The magic behind rich, earthy truffles lies in the relationship between a tree’s roots and the fungi tuber melanosporum, commonly known as the black truffle.

Tree roots provide a home and nutrients for truffle spores, while truffles provide nutrients for the tree. But, unlike other edible fungi such as portobello or porcini mushrooms, the fruit of the truffle spores remains below the soil.

“We can’t grow it in culture in the lab, like you can button mushrooms,” said Inga Meadows, a plant pathologist with North Carolina State University. “It makes it hard to know what’s going on underneath that soil.”

Today, research continues on best practices in American truffle growing.

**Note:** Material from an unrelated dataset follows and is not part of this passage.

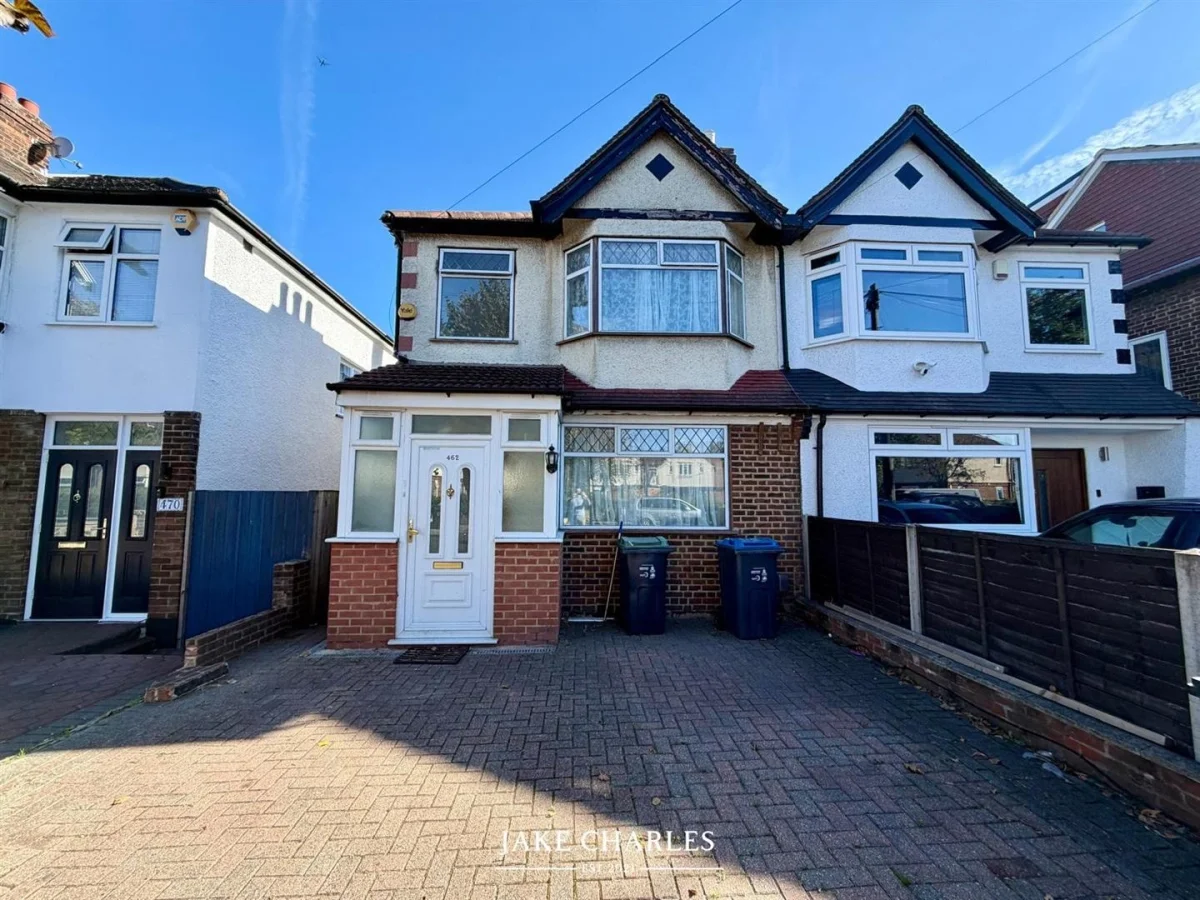 House Davidson Road in Greater London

Projects spearheaded by the truffle growers association and universities are done in tandem with the growers themselves.

Studies show black truffles have detailed mating types which help American researchers know how truffles produce and how they can help local farmers grow their more truffles more quickly.

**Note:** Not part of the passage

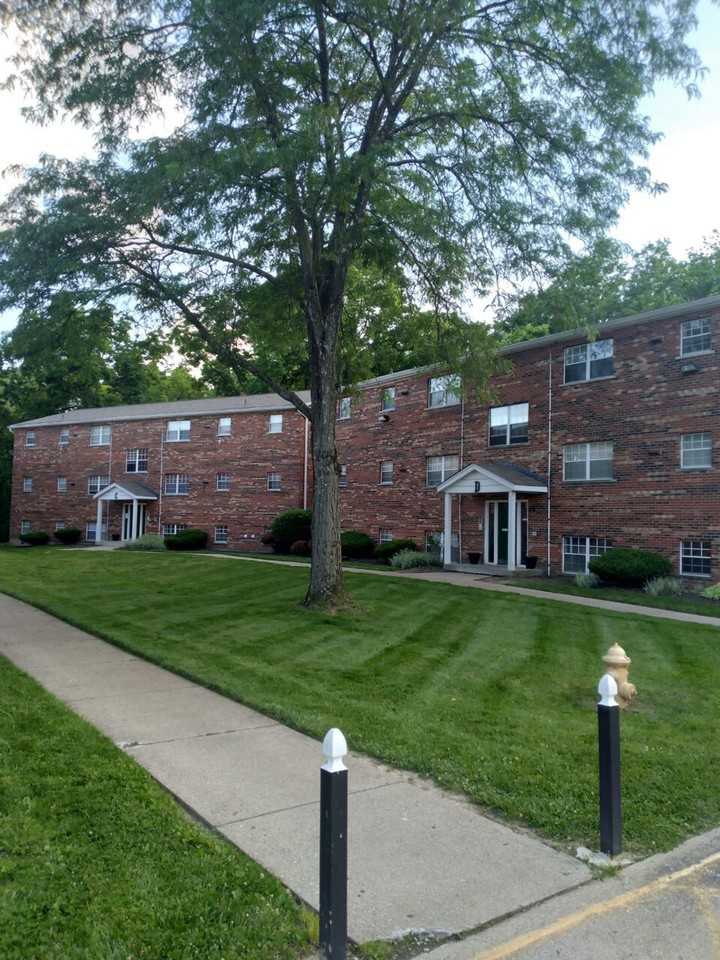 1385 W Galbraith - Photo 5 of 5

WATCH MORE: Wild beavers return to England’s countryside centuries after their extinction

“There is a demand for this type of truffle, and we need to be able to get it so that it is something that is replicable,” said Pat Martin, who helped start Virginia Truffles with her husband. “It’s a finicky truffle, it’s not easy to cultivate, and we need to try and streamline it and understand how the inner workings go to make it come up faster than in the past.”

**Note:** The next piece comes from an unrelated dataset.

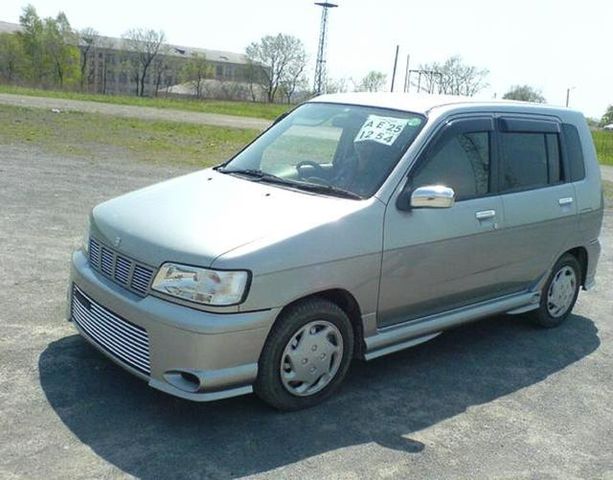 1999 Nissan Cube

An hour and a half drive west of Washington, D.C., the family-run truffle farm is using the latest research on American truffle cultivation and farming in hopes of improving its crop.

They planted their first trees in 2008, harvested the first truffles in 2018 and, Martin said, are still experimenting with growing techniques. For example, planting different trees than hazelnuts, a tree known to produce truffles.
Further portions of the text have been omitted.